Provided material →
•••••

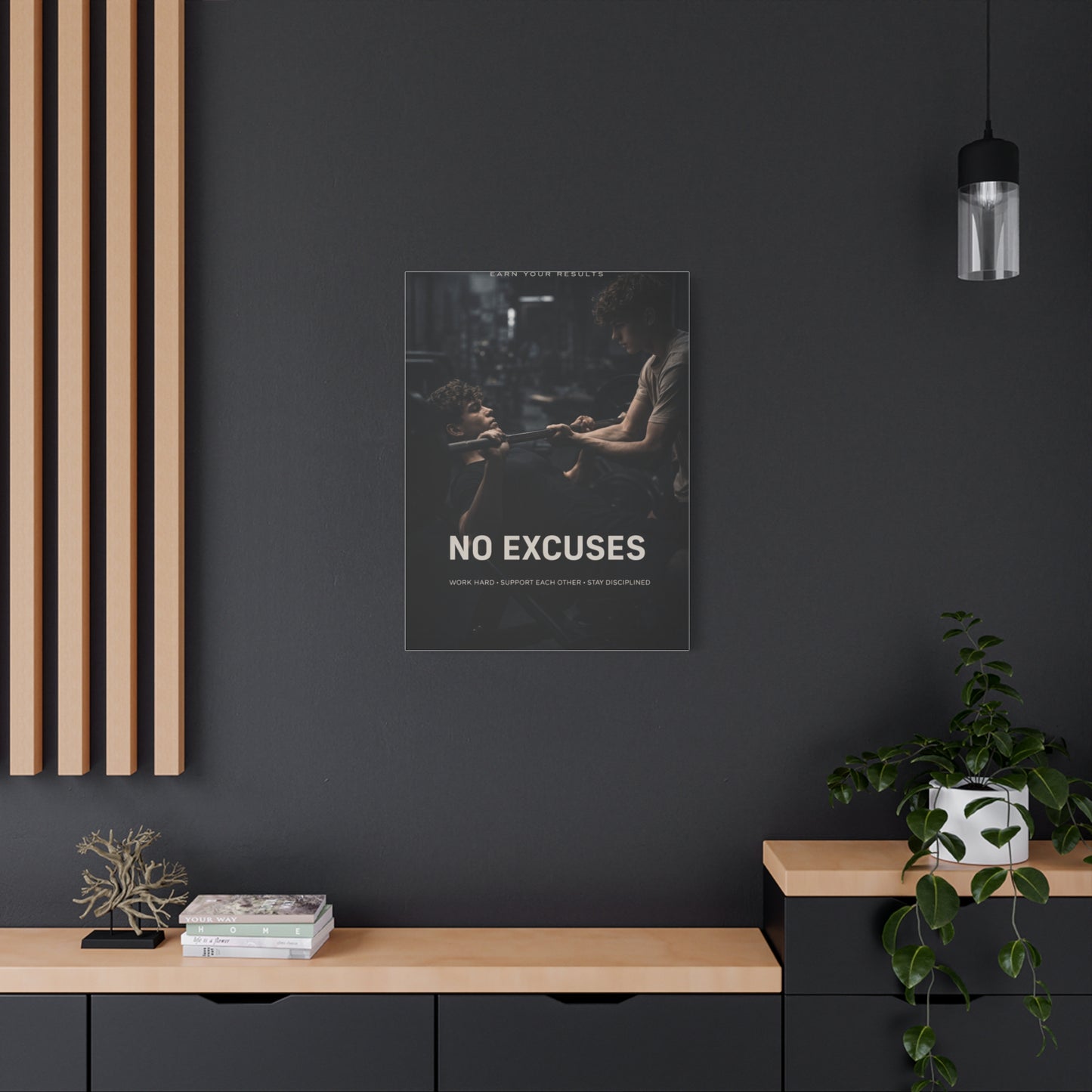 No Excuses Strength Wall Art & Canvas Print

•••••

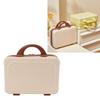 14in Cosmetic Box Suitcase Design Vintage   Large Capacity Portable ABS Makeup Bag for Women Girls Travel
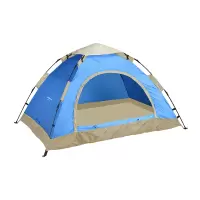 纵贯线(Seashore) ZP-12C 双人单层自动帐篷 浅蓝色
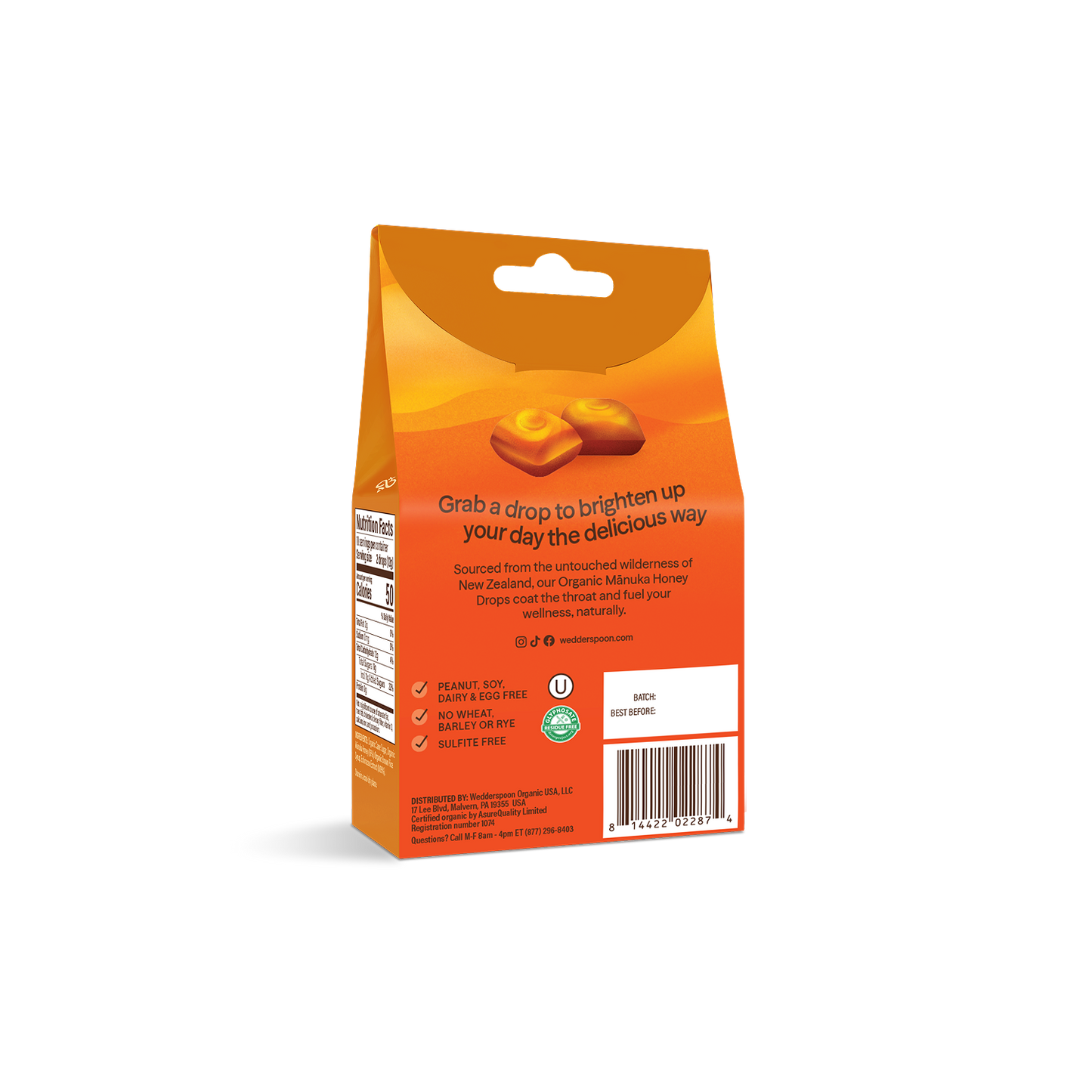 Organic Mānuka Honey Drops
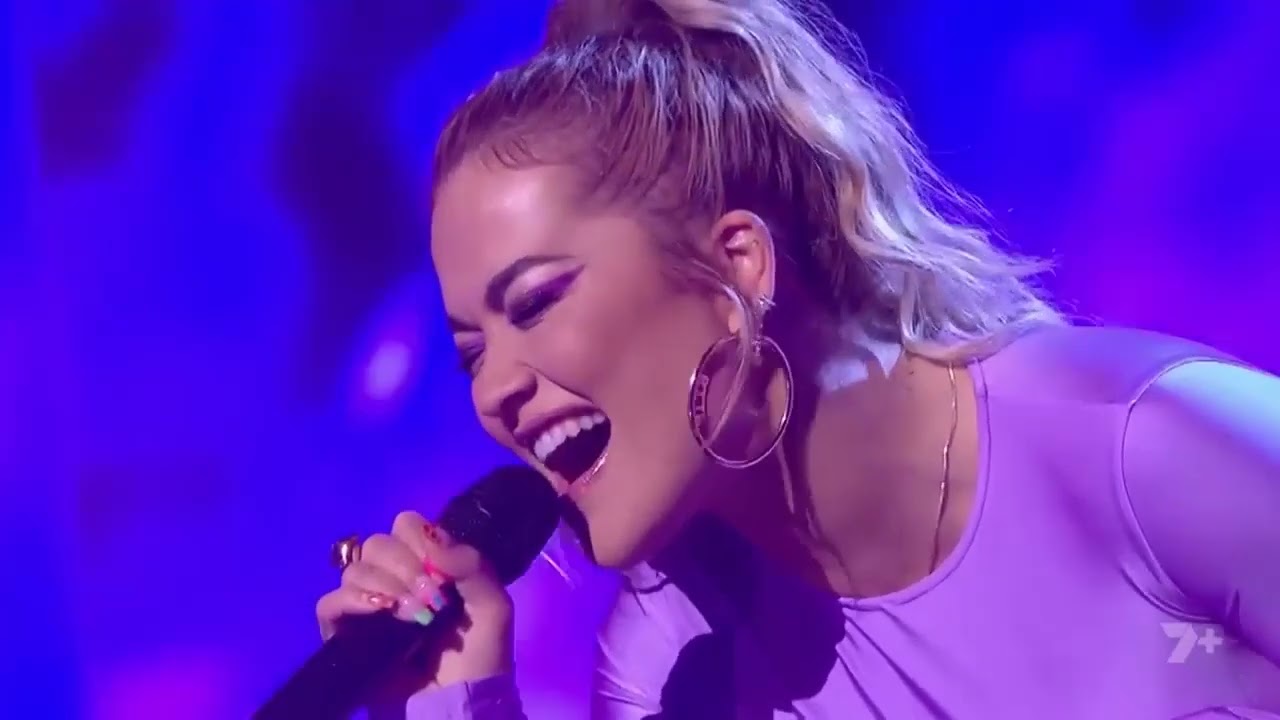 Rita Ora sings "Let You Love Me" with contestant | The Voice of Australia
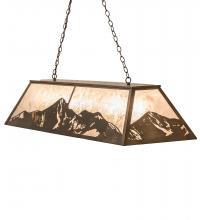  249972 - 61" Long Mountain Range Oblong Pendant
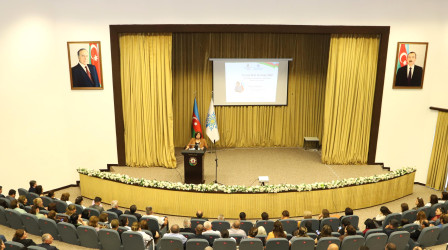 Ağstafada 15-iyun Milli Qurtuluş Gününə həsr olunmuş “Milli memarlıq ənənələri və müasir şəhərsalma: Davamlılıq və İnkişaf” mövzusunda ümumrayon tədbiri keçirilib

•••••

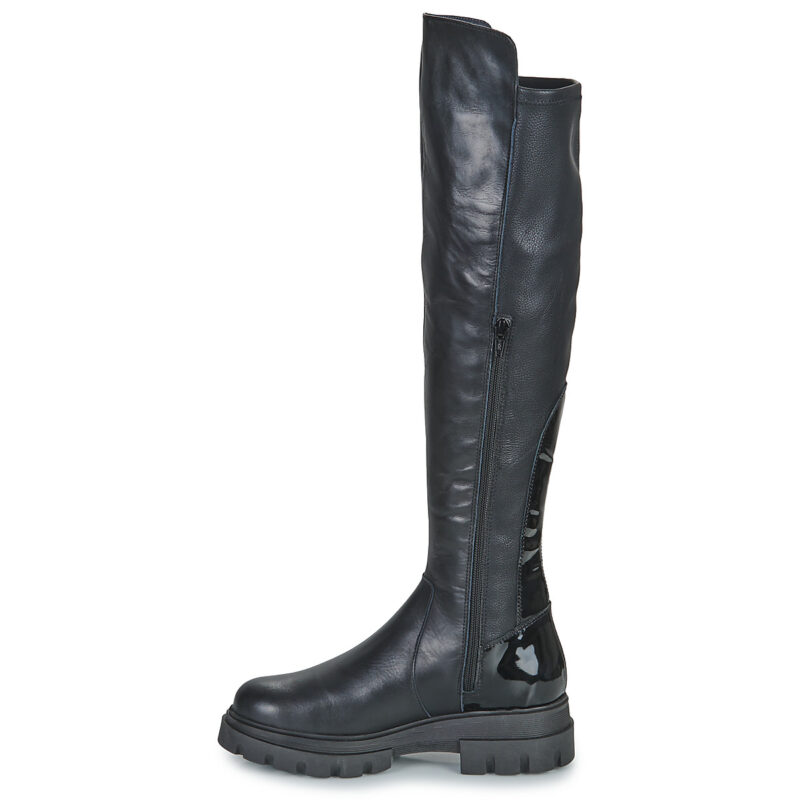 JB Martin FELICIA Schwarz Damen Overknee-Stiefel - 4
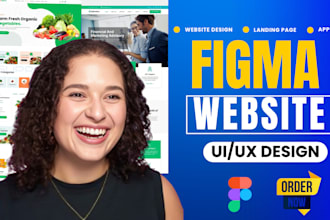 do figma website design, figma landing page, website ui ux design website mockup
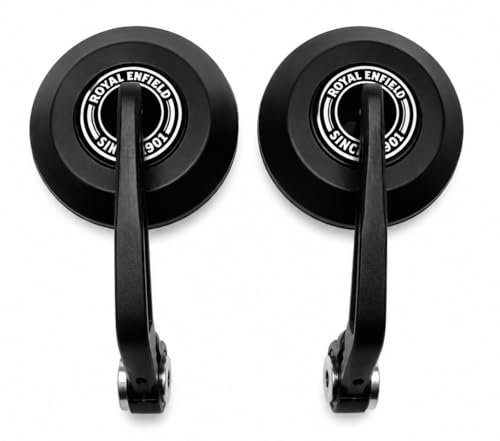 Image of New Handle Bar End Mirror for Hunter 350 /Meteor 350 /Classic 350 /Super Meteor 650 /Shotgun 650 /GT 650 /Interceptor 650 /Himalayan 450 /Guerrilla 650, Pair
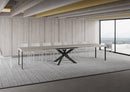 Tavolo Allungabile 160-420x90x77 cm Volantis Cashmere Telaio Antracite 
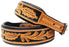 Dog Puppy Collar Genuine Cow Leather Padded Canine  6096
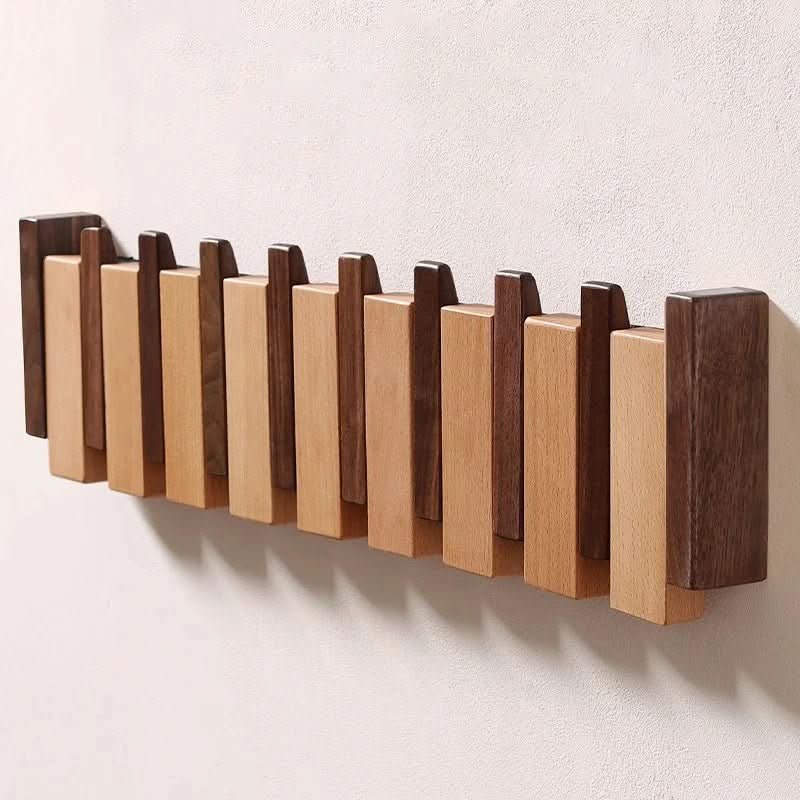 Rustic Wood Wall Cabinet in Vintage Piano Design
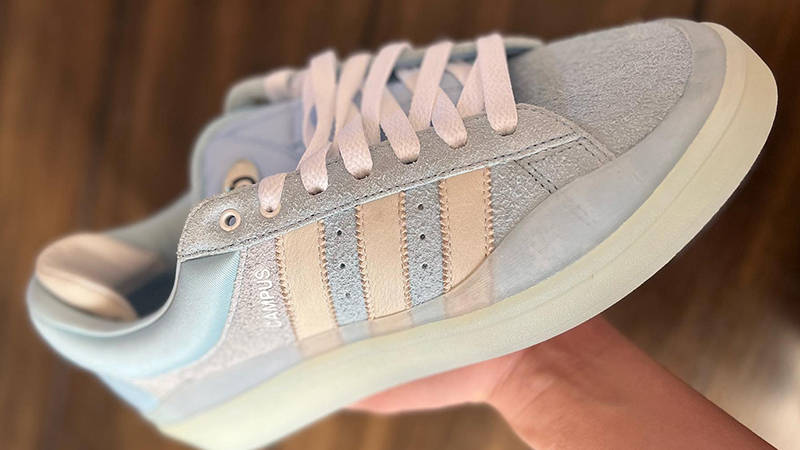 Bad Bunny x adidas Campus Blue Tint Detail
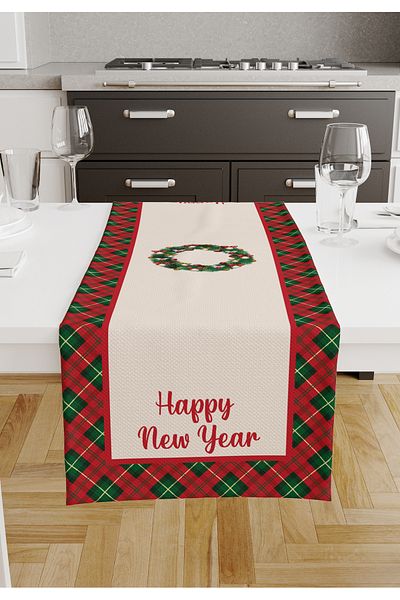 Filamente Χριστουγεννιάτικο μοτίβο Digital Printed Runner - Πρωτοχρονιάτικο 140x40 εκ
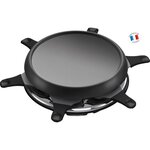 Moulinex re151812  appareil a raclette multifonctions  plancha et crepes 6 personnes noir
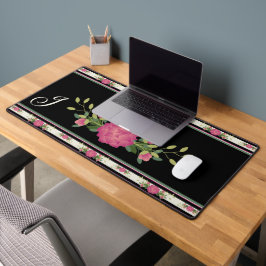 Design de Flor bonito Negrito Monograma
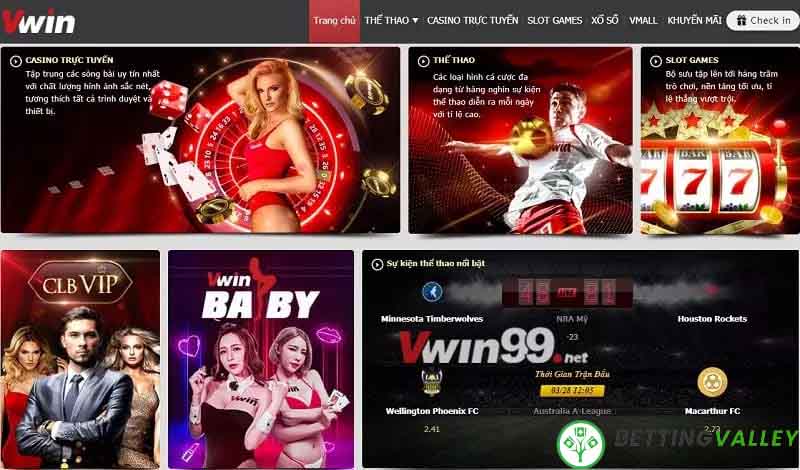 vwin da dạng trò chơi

•••••

Task item →
Leaving every picture aside, reproduce exactly the lines above from the one with "Tavolo Allungabile 160-420x90x77" up to and including the one with "Bad Bunny x adidas Campus Blue Tint Detail", and no others.

Answer for the task →
 Tavolo Allungabile 160-420x90x77 cm Volantis Cashmere Telaio Antracite 
 Dog Puppy Collar Genuine Cow Leather Padded Canine  6096
 Rustic Wood Wall Cabinet in Vintage Piano Design
 Bad Bunny x adidas Campus Blue Tint Detail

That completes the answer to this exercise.